Arrivò a Schilpario in taxi nel '74
«Il paese era la sua famiglia»

Per Paolo Impellizzeri la Valle di Scalve era la casa, Schilpario era la famiglia. Arrivò in valle circa trentacinque anni fa. «Era un giorno d'estate e faceva un gran caldo - racconta il sindaco di Schilpario, Gian Mario Bendotti -. Forse era il 1974, non ricordo bene. In quegli anni io vivevo a Bergamo, ma mantenevo una casetta a Schilpario con alcuni amici. Una mattina passai da piazza Dante e Paolo era lì, facemmo due chiacchiere, mi disse che aveva caldo, che arrivavano le ferie e che non sapeva bene che cosa avrebbe fatto.

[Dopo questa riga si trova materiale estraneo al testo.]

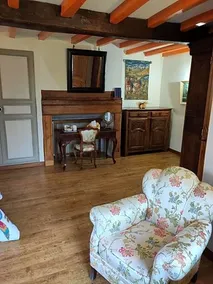 La Commanderie - Image 4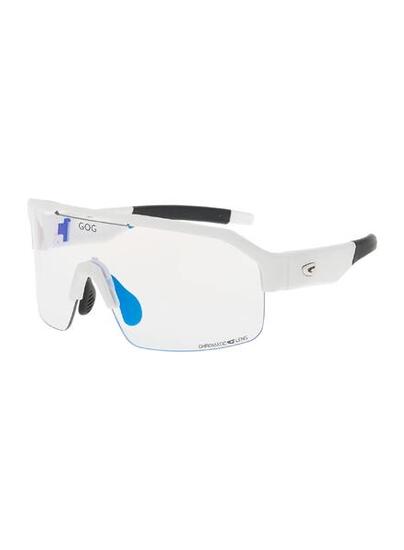 GOG Thor C Sonnenbrille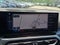 2024 BMW 3 Series 330i xDrive Sedan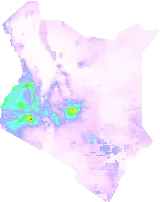 Precipitation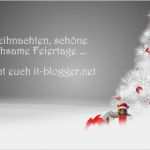 Powerpoint Vorlage Weihnachten Schön Powerpoint Vorlage Für Weihnachten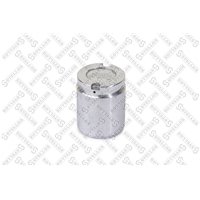 Поршень суппорта Audi A4, Opel Insignia, Skoda Octavia, VW Golf/T5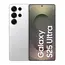 Samsung Galaxy S25 Ultra, 12/256GB, Titanium White Silver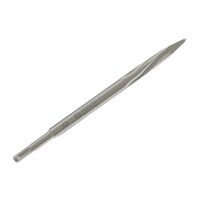 Bosch Powertool Accessories PRO SDS plus-5C P...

Io gli chiesi se voleva venire con noi, su a Schilpario, se voleva aggregarsi al nostro gruppetto di amici. E lui mi rispose che sì, che sarebbe venuto con noi. E infatti un paio di giorni dopo con il taxi e la sua valigia lo vedemmo arrivare in piazza».

La valle come la sua famiglia. Paolo Grassi è il bibliotecario di Schilpario, uno dei punti di riferimento di Paolo Impellizzeri. Dice Paolo Grassi: «Mi ha spiazzato questa notizia. Ma è la fine di un lungo dolore. Però io ci speravo, sapevo quanto stava male e sapevo che le prospettive erano limitate, eppure speravo che potesse riprendersi. A Schilpario eravamo molto legati a lui, si può dire che tutti gli volevamo bene, conosceva tutti, salutava tutti. Era molto amico di monsignor Spada che era stato anche per qualche anno il suo direttore a "L'Eco". Ma l'amicizia con don Spada era iniziata molti anni prima che Paolo andasse a lavorare a "L'Eco"».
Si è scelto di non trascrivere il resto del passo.